La igualdad del capitalismo es la igualdad formal, la igualdad ante la ley que enmascara las más insoportables desigualdades económicas, sociales y culturales. La libertad es la libertad para comerciar, para producir, para intercambiar, para apropiarse de bienes y servicios, para conservarlos y aumentarlos.
Toda esta concepción liberal del derecho requiere una determinada estabilidad que solamente se la puede proporcionar el derecho positivo, enunciado en la forma en que lo hace Hans Kelsen, seguramente un amigo de la casa. Seguramente, los alumnos de la primera materia en la carrera de derecho no alcanzan a imaginar qué tipo de coordenadas ideológicas se esconden detrás de una teoría pretendidamente "pura".
Un alerta similar podemos enunciar respecto del remanido concepto de los derechos humanos impartidos en universidades de países dependientes con categorías del primer mundo.
Esta presentación intenta  poner en palabras la preocupación creciente respecto de la forma en que se enseñan los Derechos Humanos en las escuelas de derecho de nuestro país.

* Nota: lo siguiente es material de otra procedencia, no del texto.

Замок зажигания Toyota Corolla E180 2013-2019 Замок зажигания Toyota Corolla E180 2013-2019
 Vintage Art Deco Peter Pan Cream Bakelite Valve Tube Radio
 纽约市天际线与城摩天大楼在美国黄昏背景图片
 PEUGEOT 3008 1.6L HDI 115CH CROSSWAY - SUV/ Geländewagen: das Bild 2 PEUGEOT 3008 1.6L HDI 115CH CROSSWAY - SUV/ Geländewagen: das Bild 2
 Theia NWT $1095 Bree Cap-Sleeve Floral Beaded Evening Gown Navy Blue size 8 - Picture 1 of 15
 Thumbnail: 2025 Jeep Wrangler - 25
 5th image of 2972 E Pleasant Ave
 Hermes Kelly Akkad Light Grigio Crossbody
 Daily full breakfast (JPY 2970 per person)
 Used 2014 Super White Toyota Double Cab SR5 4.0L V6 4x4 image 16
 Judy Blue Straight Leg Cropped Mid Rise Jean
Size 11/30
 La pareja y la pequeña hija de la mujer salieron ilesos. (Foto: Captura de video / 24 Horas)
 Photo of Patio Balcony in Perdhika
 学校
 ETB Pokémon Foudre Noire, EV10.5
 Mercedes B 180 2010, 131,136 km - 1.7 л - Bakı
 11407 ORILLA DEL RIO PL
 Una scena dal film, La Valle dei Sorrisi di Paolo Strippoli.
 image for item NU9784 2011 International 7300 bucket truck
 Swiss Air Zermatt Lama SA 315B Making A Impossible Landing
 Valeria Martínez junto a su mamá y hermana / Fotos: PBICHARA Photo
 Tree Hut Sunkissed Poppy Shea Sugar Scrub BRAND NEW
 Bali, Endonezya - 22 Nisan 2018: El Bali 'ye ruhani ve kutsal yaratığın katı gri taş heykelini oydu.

En las que predomina un dogmatismo pretendidamente neutral, que hace que los alumnos conciban a los Derechos Humanos y sus instituciones orgánicas como insusceptibles de un abordaje crítico. 
Este es el resultado de la influencia de una epistemología colonizadora en cuyo contexto los DDHH se  enuncian a través de significantes capaces de ser colonizados por las ideologías más conservadoras.
Filosofar, también en los claustros de derecho, implica pensar en aquello que nos ha sido escamoteado hacerlo. Supone la formulación de preguntas y respuestas existenciales, con anclaje real en la realidad objetiva de sociedades en permanente conflicto. Respuestas a preguntas que generalmente no ensayamos los juristas, adiestrados como estamos en la repetición memorística de textos generalmente iguales por fuera, y por dentro. Por el contrario, son muy pocas las destrezas que desarrollamos para formular preguntas capaces de poner en cuestión este sistema completo de penetración cultural. Eso explica que en la mayoría de los planes de estudios y programas analíticos se escamotea el análisis histórico, jurídico y político de instituciones democráticas o directamente se excluye a autores contrahegemónicos.
Esas ausencias no son obra de la casualidad ni una consecuencia deficitaria en la articulación programática de nuestra facultades. Importan la ratificación de un derecho impartido en clave de reproducción de las relaciones de dominación de las sociedades y del mundo en su conjunto. 
Al punto de concitarnos a reflexionar críticamente acerca de si los DDHH son el producto de una victoria cultural  o de una derrota histórica.

 
 
 
 
(1)    Investigación sobre la naturaleza y causas de la riqueza de las Naciones, Capítulo V, citado por Carlos María Vilas: “Derecho y estado en una economía dependiente”, Ed Guadalupe, Buenos Aires, 1974, p. 18.